Montville pushes against potential teacher layoffs
Montville — Parents and teachers jammed into the Montville High School library Wednesday night to urge the Board of Education to avoid steep staffing cuts in the 2018-19 budget.
Superintendent Brian Levesque says the school board and Town Council could face tough decisions in the coming weeks, with lower-than-anticipated state aid potentially putting up to two dozen teaching jobs and one of the district's elementary schools on the line.
Several residents and some school board members pushed officials to reconsider outsourcing transportation, a move the school board debated and put out to bid last year before voting 4-3 against a contract with an outside busing company.
Levesque said moving away from a town-run bus system could save almost $1 million in operating and capital expenses over the next four years.
"The money saved from outsourcing our buses would not result in losing teachers," Karen Duhamel of Oakdale said. "It would be a win-win for the students of Montville. It's the least we can do for them."
Steve LeBranche pushed against potential widespread teacher and staff layoffs, arguing that the notion that changing class sizes "won't change class performance is crap."
"The school bus garage has got to go," LeBranche said. "I implore you to consider that as the first option before (laying off) teachers."
Levesque and school board members expect state funding for the 2018-19 fiscal year to tally no more than $10.9 million — about $1.7 million less than originally appropriated by the state. Levesque and school board Chairman Bob Mitchell are both scheduled to testify about state aid before the General Assembly Appropriations Committee on Thursday.
Levesque was adamant he did not support drastic cuts, but said the board and Town Council members should have a clear and early picture of what potential budget constraints could mean for the district.
Levesque predicted the Town Council would be unlikely to hike taxes to cover the lower-than-anticipated state aid, so unlike previous years, he presented the school board last week with three budget options: $38.4 million, about what he proposed for 2017-18; $37.6 million, the amount the Town Council eventually approved last year; and $36.6 million, the same figure administrators were forced to meet after state cuts in the middle of the 2017-18 school year.

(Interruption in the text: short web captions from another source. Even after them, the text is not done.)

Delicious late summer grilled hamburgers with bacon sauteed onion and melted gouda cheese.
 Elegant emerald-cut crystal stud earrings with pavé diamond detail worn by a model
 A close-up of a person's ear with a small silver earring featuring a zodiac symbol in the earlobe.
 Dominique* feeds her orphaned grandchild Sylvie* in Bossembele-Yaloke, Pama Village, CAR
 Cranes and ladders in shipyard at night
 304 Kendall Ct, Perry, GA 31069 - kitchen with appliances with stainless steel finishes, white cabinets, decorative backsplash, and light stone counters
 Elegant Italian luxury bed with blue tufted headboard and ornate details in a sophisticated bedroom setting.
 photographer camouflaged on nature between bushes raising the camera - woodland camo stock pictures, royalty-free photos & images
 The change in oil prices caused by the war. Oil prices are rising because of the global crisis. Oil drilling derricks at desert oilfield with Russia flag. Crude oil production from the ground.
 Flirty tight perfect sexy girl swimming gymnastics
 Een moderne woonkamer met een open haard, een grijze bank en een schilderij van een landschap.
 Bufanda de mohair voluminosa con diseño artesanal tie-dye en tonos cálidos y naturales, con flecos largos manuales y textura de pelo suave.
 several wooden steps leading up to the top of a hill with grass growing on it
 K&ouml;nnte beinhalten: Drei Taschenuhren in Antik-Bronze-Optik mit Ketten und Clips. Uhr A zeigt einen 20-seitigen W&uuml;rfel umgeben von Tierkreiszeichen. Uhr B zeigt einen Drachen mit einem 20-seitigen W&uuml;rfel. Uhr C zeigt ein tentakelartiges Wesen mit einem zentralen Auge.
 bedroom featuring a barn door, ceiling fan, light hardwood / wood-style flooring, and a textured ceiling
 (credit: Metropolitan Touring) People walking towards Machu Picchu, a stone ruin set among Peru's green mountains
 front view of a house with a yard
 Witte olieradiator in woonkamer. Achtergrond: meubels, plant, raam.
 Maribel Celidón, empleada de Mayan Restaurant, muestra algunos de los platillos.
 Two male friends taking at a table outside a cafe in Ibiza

The costliest proposal includes contractual raises and one elementary school teacher reduction, along with reductions in equipment and supplies.
In the $36.6 million proposal, more than 20 teachers likely would lose their jobs. The district would save $252,000 by shifting to half-day kindergarten classes and up to $1.1 million by closing an elementary school, Levesque said. Officials haven't reviewed which school would be closed in that scenario, but they said it was unlikely to be Oakdale Elementary School because of its integrated pre-K program.
The middle-tier $37.6 million proposal calls for increases to class size at Montville High School; a handful of teacher layoffs; eliminating a middle school librarian and enrichment program; switching the middle school to block scheduling; and changing the athletic director to part time.
Levesque noted Wednesday that average class sizes at the high school still would fall below the school board's maximum range of 20 to 25 students.
"There is room for the high school to have teachers teach more kids," he said, arguing the increased class sizes "shouldn't hinder instruction."
An early-retirement incentive — which saved the district more than $200,000 last year — is again on the table. Levesque initially budgeted about $140,000 in savings through the incentive, but he now expects that figure to rise as several teachers have expressed interest or recently filed retirement letters.
The district also could implement an annual $100 fee for high school students involved in any sports or after-school clubs, which Levesque estimates would save about $40,000. The fee would be $100 no matter how many activities the student participates in.
The school board meets again on Tuesday, when it could vote on the budget and propose to seek bids from transportation companies.
The board also could hold off on a final vote and continue tweaking the budget, which is due to the Town Council by March 15.